South Africa’s economy falls short of expected growth

The second largest economy in Africa is projected to fall short of 0.5 percent in growth, emphasizing that the South African economy is unlike to come out of a state of duress following the downward trend in the economy since March, 2017. The South African Reserve Bank Governor Lesetja Kganyago, already gave a projection on the likelihood of growth to have retuned in the second quarter of 2017 after a short recession.

The South African economy is said to account for 35 percent Africa’s gross domestic product (GPP), and it is ranked as an upper-middle-income economy by the World Bank – one of only four such countries in Africa (alongside Botswana, Gabon and Mauritius). The nation is amongst the G-20, and only African member of the group.

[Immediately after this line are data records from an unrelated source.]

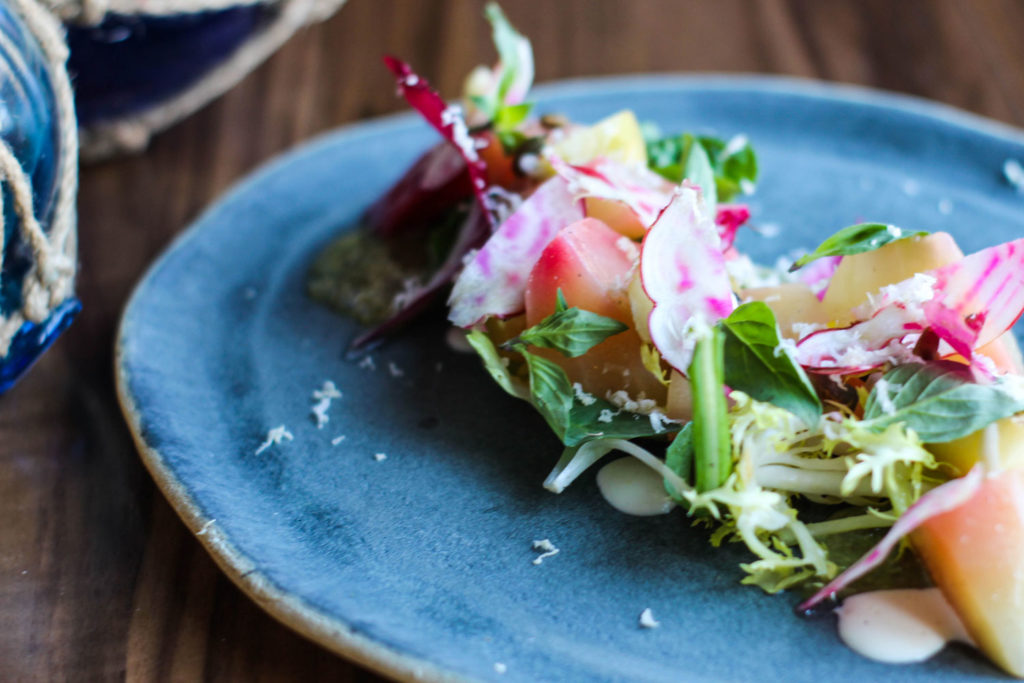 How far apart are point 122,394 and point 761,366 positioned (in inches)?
32.7

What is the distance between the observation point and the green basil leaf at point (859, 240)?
1.07 m

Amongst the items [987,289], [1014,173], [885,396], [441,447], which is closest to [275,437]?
[441,447]

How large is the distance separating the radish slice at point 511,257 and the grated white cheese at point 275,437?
10.6 inches

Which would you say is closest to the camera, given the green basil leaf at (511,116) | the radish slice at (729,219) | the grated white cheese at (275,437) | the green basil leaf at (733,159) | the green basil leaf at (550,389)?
the green basil leaf at (550,389)

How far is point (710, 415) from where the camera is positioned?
954 millimetres

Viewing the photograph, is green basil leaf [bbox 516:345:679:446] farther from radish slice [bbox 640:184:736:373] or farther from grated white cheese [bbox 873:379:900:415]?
grated white cheese [bbox 873:379:900:415]

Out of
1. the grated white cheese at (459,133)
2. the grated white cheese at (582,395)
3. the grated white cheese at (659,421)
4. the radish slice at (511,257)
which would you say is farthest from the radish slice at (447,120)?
the grated white cheese at (659,421)

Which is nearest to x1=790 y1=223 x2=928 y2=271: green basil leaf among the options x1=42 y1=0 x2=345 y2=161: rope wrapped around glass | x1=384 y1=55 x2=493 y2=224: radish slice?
x1=384 y1=55 x2=493 y2=224: radish slice

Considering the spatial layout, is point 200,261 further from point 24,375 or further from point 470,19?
point 470,19

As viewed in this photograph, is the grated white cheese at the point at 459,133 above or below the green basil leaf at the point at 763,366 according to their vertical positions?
above

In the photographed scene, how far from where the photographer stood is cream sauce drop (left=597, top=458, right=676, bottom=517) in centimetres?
108

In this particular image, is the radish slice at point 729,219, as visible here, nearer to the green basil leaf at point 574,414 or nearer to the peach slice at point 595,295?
the peach slice at point 595,295

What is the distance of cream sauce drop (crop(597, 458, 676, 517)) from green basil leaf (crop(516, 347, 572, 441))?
8 centimetres

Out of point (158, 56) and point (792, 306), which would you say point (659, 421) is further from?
point (158, 56) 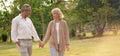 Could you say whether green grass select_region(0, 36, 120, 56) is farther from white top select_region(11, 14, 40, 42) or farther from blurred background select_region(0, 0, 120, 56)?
blurred background select_region(0, 0, 120, 56)

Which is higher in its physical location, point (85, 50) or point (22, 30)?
point (22, 30)

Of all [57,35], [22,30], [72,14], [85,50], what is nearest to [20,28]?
[22,30]

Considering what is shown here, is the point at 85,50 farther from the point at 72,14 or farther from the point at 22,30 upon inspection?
the point at 72,14

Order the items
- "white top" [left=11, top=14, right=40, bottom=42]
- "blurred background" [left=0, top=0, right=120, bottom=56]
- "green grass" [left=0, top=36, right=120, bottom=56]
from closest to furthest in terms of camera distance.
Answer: "white top" [left=11, top=14, right=40, bottom=42]
"green grass" [left=0, top=36, right=120, bottom=56]
"blurred background" [left=0, top=0, right=120, bottom=56]

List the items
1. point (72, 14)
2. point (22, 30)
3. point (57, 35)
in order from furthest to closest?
1. point (72, 14)
2. point (57, 35)
3. point (22, 30)

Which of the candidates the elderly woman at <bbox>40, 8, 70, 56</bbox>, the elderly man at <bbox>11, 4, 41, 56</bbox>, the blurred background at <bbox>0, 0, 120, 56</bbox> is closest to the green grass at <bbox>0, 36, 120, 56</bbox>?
the elderly woman at <bbox>40, 8, 70, 56</bbox>

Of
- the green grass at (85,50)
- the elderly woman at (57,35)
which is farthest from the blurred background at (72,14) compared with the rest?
the elderly woman at (57,35)

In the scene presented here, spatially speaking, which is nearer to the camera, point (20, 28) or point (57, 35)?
point (20, 28)

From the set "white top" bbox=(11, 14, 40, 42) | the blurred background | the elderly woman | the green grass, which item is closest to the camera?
"white top" bbox=(11, 14, 40, 42)

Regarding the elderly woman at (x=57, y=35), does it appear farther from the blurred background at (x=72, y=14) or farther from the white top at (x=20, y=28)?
the blurred background at (x=72, y=14)

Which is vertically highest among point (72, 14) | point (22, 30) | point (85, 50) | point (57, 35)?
point (72, 14)

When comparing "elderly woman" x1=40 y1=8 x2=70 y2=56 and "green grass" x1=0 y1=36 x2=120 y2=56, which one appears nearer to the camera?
"elderly woman" x1=40 y1=8 x2=70 y2=56

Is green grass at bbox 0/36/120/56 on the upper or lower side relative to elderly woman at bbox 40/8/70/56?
lower

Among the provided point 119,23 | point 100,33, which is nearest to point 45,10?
point 100,33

There has been significant economic growth since 1996. After over twelve years of international sanctions, South Africa’s Gross Domestic Product has almost tripled to $400 billion, and foreign exchange reserves have increased from $3 billion to nearly $50 billion creating a diversified economy with a growing and sizable middle class, within two decades of establishing democracy.

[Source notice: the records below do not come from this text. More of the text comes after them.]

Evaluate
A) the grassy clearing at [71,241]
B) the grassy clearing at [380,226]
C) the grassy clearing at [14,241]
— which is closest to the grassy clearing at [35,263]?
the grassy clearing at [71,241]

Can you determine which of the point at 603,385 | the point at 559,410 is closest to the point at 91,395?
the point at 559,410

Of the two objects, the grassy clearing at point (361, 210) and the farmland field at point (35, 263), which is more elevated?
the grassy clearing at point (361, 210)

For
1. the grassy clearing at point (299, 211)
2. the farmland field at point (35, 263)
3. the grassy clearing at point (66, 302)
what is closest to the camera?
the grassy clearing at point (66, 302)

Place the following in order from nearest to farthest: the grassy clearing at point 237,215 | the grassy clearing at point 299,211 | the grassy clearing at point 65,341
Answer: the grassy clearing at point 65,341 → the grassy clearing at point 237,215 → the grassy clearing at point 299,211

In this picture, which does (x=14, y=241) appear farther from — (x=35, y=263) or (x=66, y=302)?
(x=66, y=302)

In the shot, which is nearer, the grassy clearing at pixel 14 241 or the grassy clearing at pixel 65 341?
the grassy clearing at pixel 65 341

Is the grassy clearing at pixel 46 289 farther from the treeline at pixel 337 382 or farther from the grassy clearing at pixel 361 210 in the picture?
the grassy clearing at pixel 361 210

South African President Jacob Zuma, attributes the ongoing economic duress to weak consumer demand and stagnancy in business investments.

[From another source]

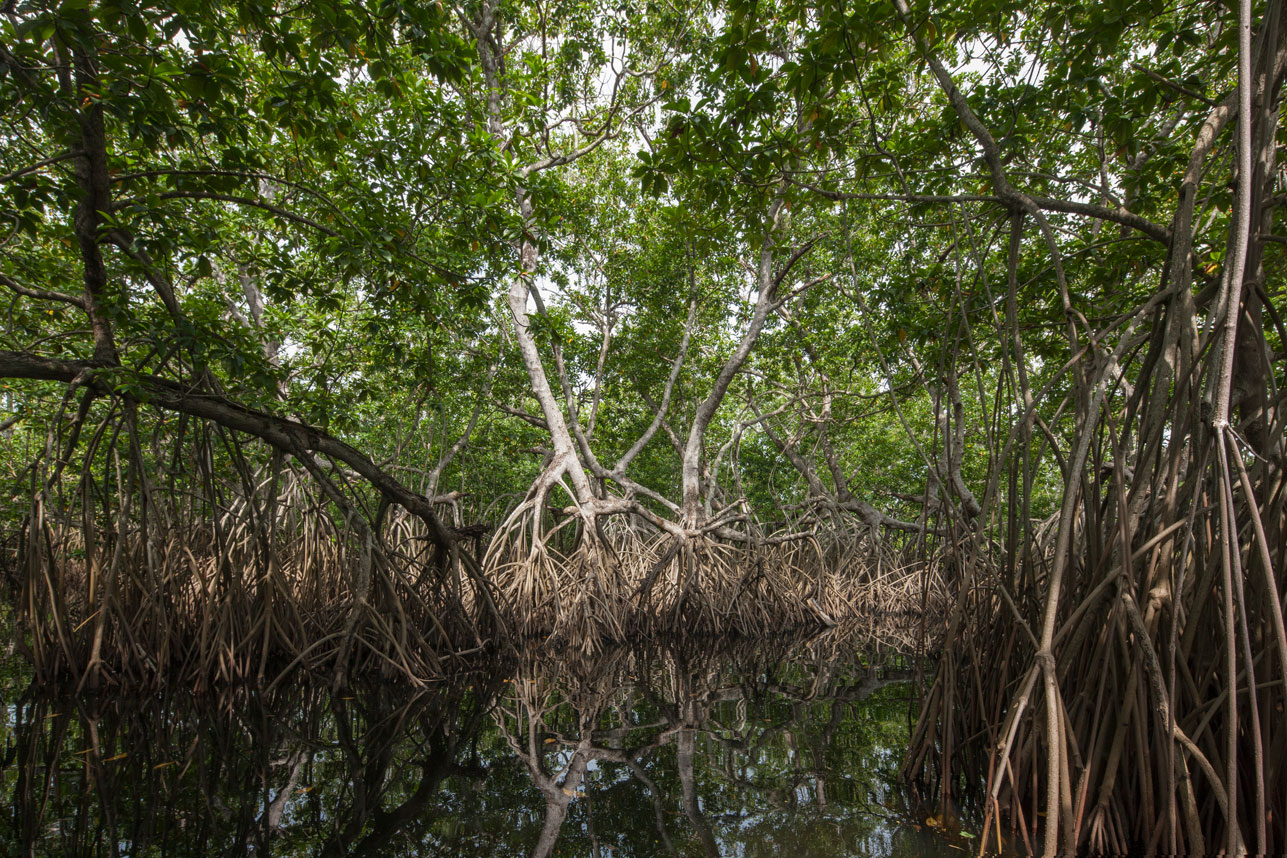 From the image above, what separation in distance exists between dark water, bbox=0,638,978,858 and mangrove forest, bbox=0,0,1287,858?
1.0 inches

However, militating forces such as, inefficient government bureaucracy, restrictive labor regulations, shortage of educated workers, political instability, and corruption contributes to the struggles faced by the country. It is important to address these issues in order to improve the country’s national and economy growth.

It is established that South Africa compares well to other emerging markets on affordability and availability of capital, financial market sophistication, business tax rates and infrastructure.